───── Data segment

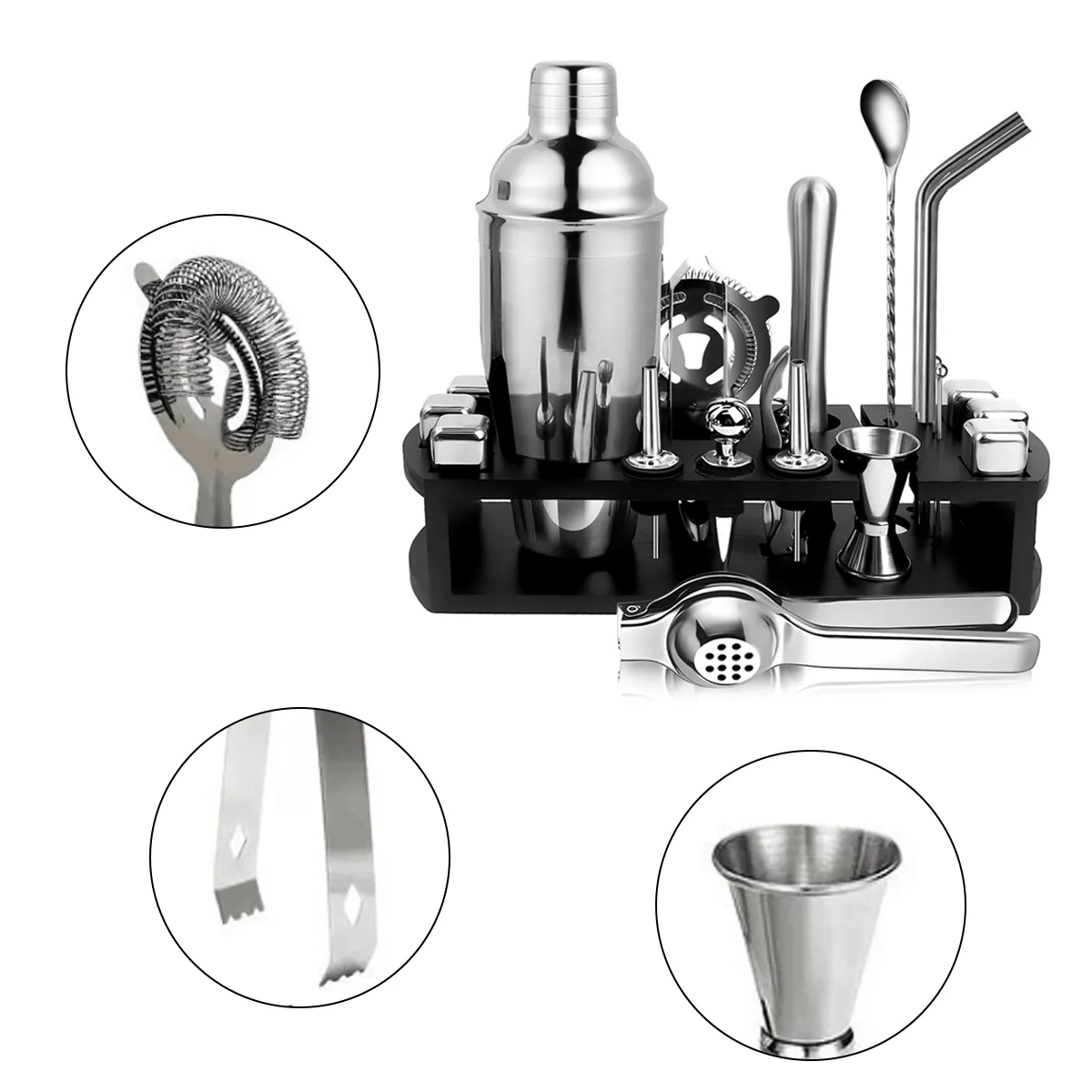 23 in 1 Premium Stainless Steel Cocktail Shaker Set W/ Stand 3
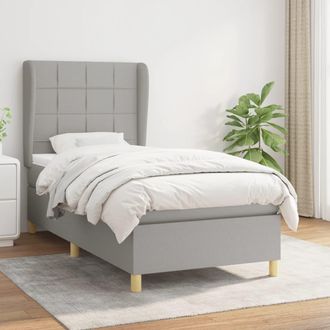 vidaXL Vidaxl - Cama Box Spring Con Colch&oacute;n Tela Gris Claro 90x190 Cm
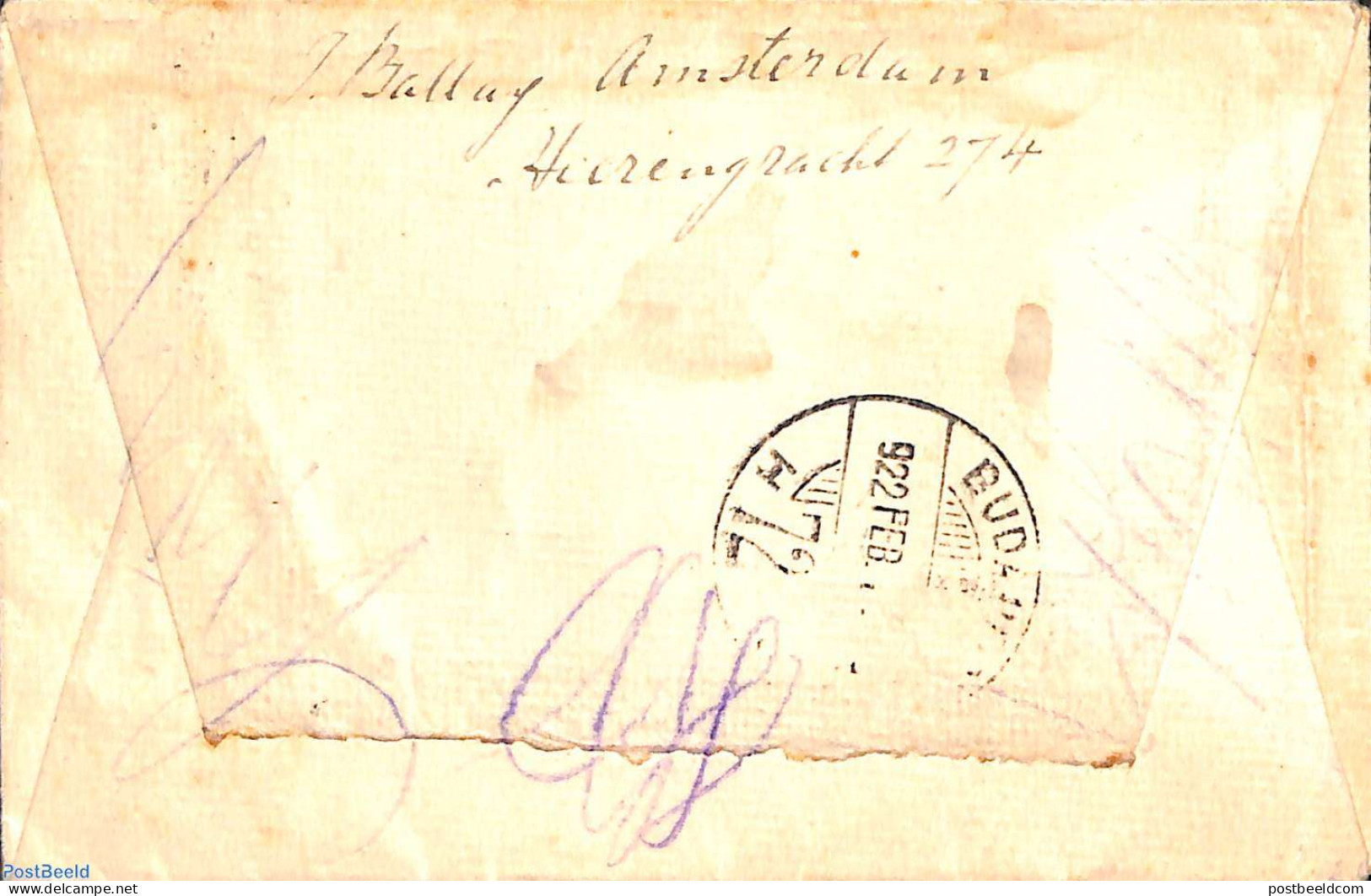 Netherlands 1922 Registered Letter From Amsterdam To Budapest 35c (2x15c, 1x5c Bontkraag), Postal History - Brieven En Documenten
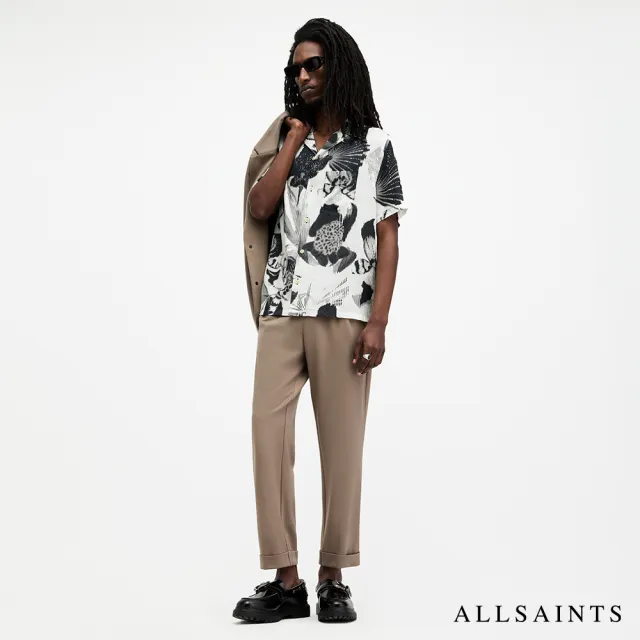 【ALLSAINTS】FREQUENCY 人造絲寬鬆短袖夏威夷手繪花卉印花襯衫(舒適版型)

──────────

» Task objective
Output all the data, exactly, without images.

» Expected answer
 23 in 1 Premium Stainless Steel Cocktail Shaker Set W/ Stand 3
 vidaXL Vidaxl - Cama Box Spring Con Colch&oacute;n Tela Gris Claro 90x190 Cm
 Netherlands 1922 Registered Letter From Amsterdam To Budapest 35c (2x15c, 1x5c Bontkraag), Postal History - Brieven En Documenten
 【ALLSAINTS】FREQUENCY 人造絲寬鬆短袖夏威夷手繪花卉印花襯衫(舒適版型)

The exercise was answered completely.